§ EXERCISE DATA:
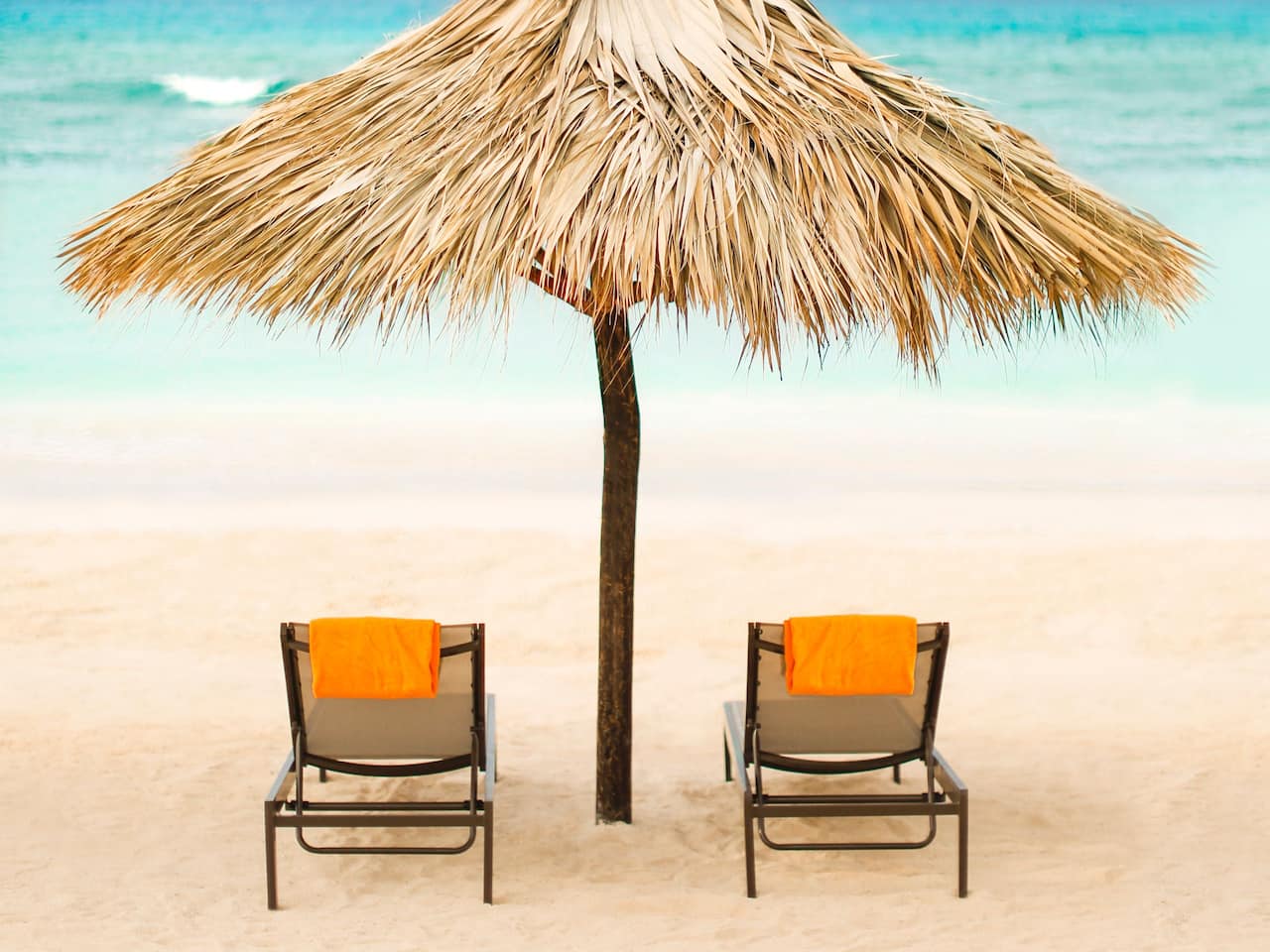 Two beach chairs under palm umbrella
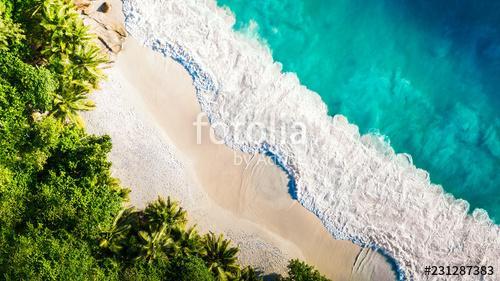 Tropical beach with sea and palm taken from drone. Seychelles famous shark beach - aerial photo, Premium Kollekció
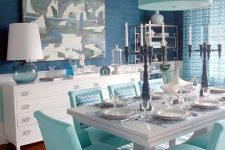 a bold dining room with navy walls and white paneling, white sideboards, a white dining table and turquoise chairs and a pendant lamp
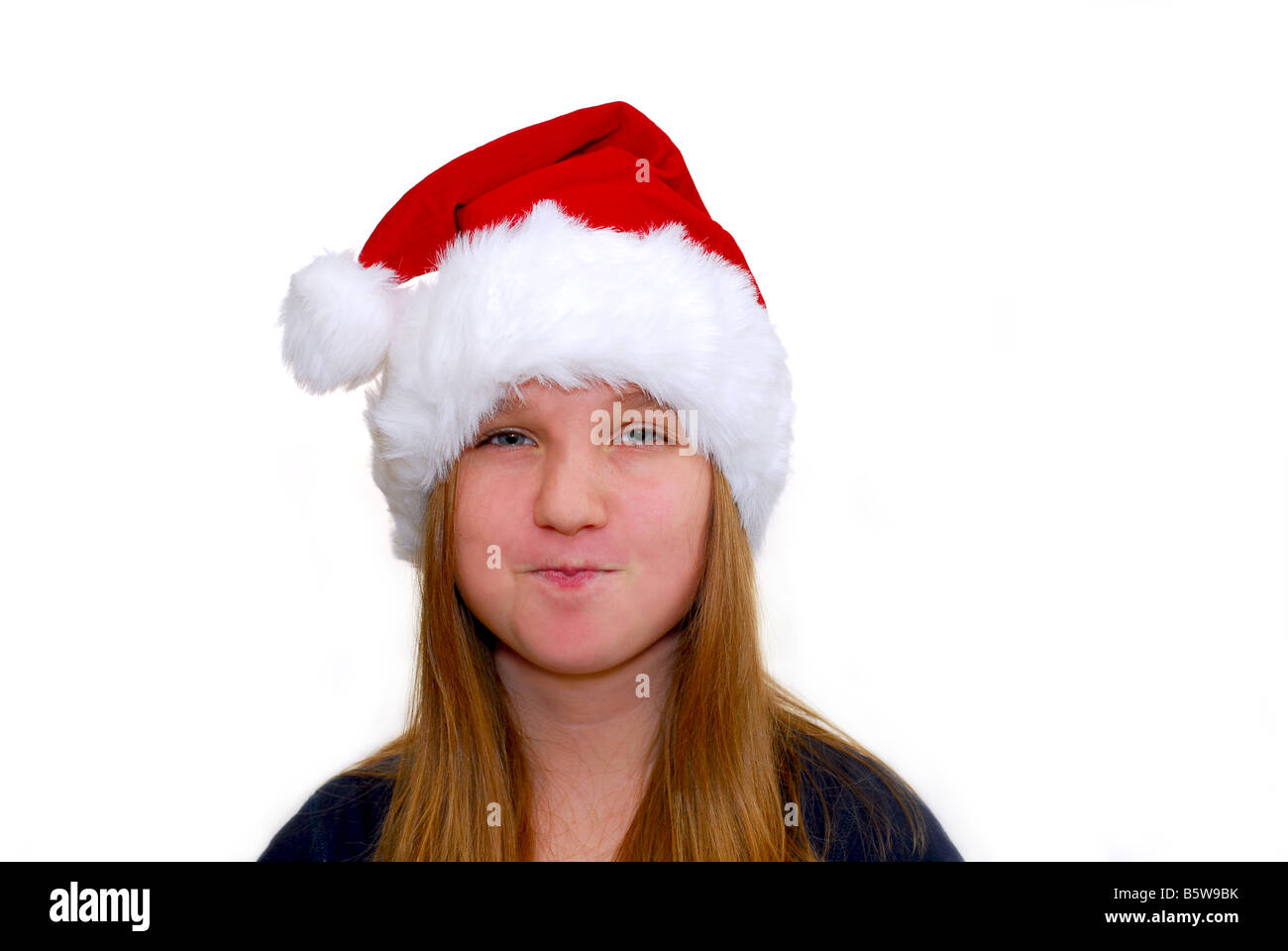 Portrait of a young girl wearing Santa s hat isolated on white background Stock Photo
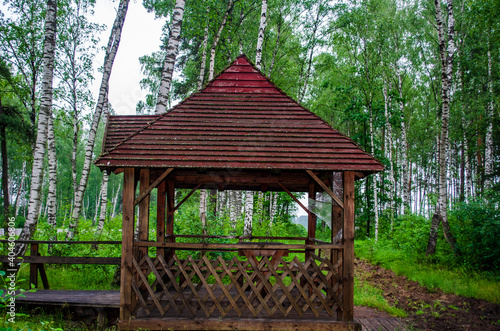 wooden gazebo in the park © Сергей Семенов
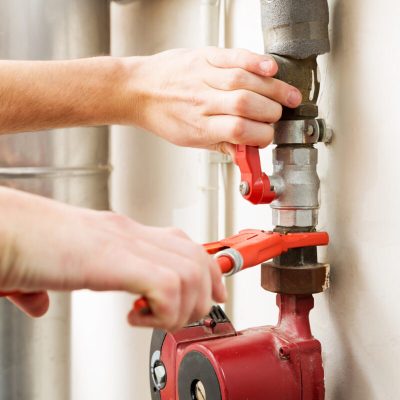 closeup of plumber hands working with pipeline connections
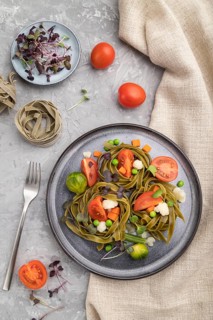 Tagliatelle green spinach pasta with tomato, pea and microgreen sprouts on a gray concrete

§ WHAT TO WORK ON: Working from the material above, transcribe it exactly while omitting pictures.

§ YOUR SOLUTION:
 Two beach chairs under palm umbrella
 Tropical beach with sea and palm taken from drone. Seychelles famous shark beach - aerial photo, Premium Kollekció
 a bold dining room with navy walls and white paneling, white sideboards, a white dining table and turquoise chairs and a pendant lamp
 Portrait of a young girl wearing Santa s hat isolated on white background Stock Photo
 wooden gazebo in the park © Сергей Семенов
 closeup of plumber hands working with pipeline connections
 Tagliatelle green spinach pasta with tomato, pea and microgreen sprouts on a gray concrete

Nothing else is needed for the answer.